See it on a single prompt
What about RLAIF, constitutional AI, and the rest?
The post-training landscape moves fast. A few names you'll see:
- RLAIF — Reinforcement Learning from AI Feedback. Replaces the human judges with another LLM acting as a judge. Cheaper, scales, but inherits the judge's biases.
- Constitutional AI (Anthropic) — uses a written "constitution" of principles to have the model critique and revise its own outputs, generating training data without human raters in the inner loop.
- RLHF + safety fine-tuning — additional rounds focused specifically on refusing harmful requests, handling sensitive topics, etc. Usually mixed in with general preference tuning.
All of these share the same shape: gather some signal about preferred vs unpreferred outputs, use that signal to nudge the weights. The mental model is the same; the data pipeline differs.
Training an MoE adds two real concerns
Pretraining, SFT, RLHF/DPO — all three stages work the same way on an MoE as on a dense model. What's new is that the router needs to be shaped alongside the experts, and the router is a fragile thing. Two training-time mechanics that don't exist in dense models:
Auxiliary losses — keeping the router from collapsing
The main loss (predict the next token) doesn't care how tokens are routed; it only cares about the final output. So the router, left to its own devices, can collapse every token onto one expert and still hit decent loss (because that one expert gets all the gradient and becomes competent). Two extra loss terms fight this:
- Load-balance loss — penalizes uneven expert usage. Computed per batch from the routing distribution; gradient pushes the router toward uniform routing.
- Router z-loss (ST-MoE) — penalizes large routing logits. Keeps the softmax from saturating, which stabilizes routing decisions over long training runs.
These aux losses have small weights relative to the main cross-entropy loss (typically ~0.01 for load-balance, ~0.001 for z-loss). They're nudges, not instructions — enough to spread tokens without preventing the experts from actually specializing.
Aux loss weight starts high (forces the router to explore so no expert dies) and decays as training progresses (lets experts drift into specializations).

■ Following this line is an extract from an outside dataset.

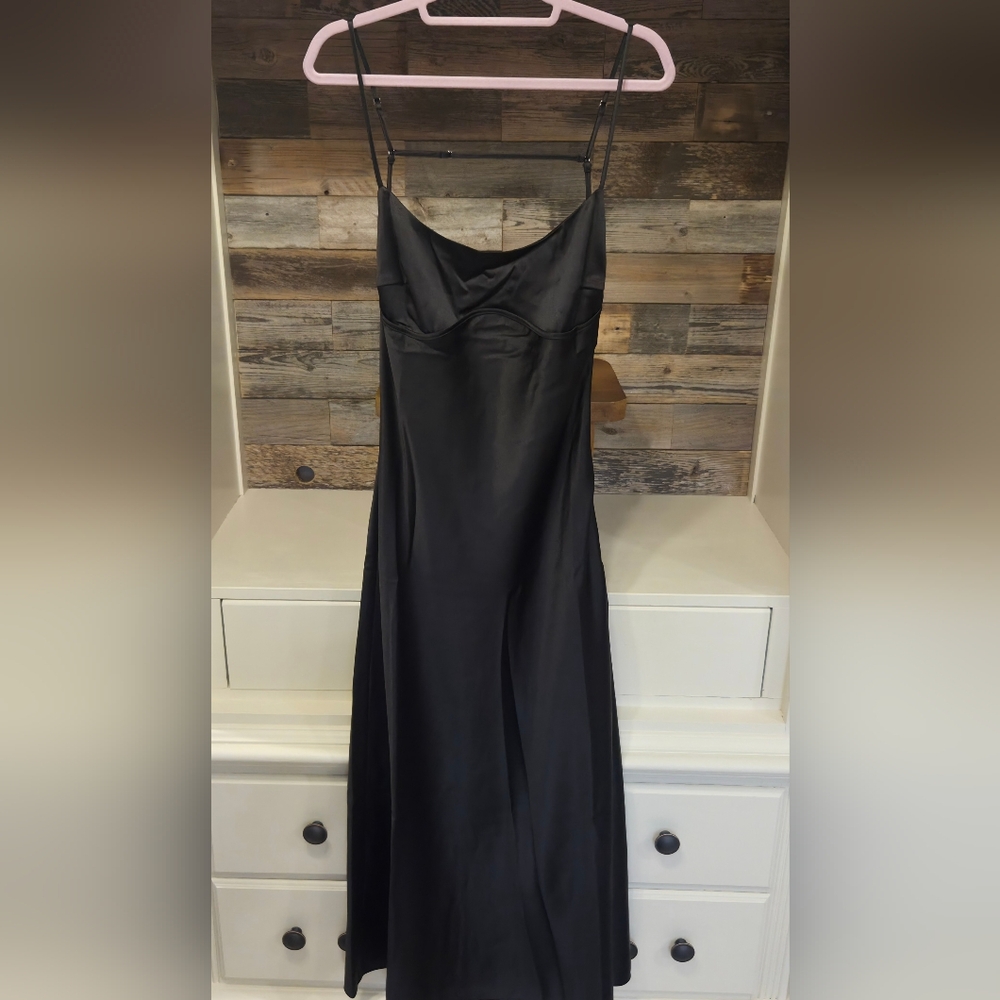 Dance & Marvel Black Formal Slip Dress With Lining & Adjustable Straps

Router warm-up and upcycling
Training from scratch is one thing; upcycling — starting from a pretrained dense model and converting it to MoE — is another. In upcycling, the router is the only randomly-initialized thing in the model. Everything else (attention, embeddings, expert initial weights) starts from a competent dense checkpoint.
That random-router problem needs care. If you drop the router in and train normally, the router might not learn useful routing before the aux loss pushes it to uniform, ending up with experts that are all copies of the original MLP. The fix is a router warm-up: crank aux loss high early, decay it over the first few thousand steps, and only then let the main loss dominate. Gives the router a chance to find its feet before the experts diverge.
Fine-tuning — LoRA on MoE is tricky
LoRA works by attaching a low-rank adapter to a weight matrix. In an MoE block, there are N expert weight matrices. Three choices, each with problems:
- One LoRA shared across all experts. Cheap. But if the task wants different behavior per expert, the shared adapter can't provide it.
- Per-expert LoRAs. More expressive. But sparsely-activated experts (ones the router rarely picks for your fine-tune data) never get meaningful gradient. You end up with uneven adaptation.
- LoRA only on the router — change routing behavior without touching experts. Useful for narrow tweaks; useless for broader behavioral change.
In practice: fine-tuning MoEs with LoRA is still an active area. If you're doing serious MoE fine-tuning, consider full or partial fine-tuning (expensive but predictable) over LoRA.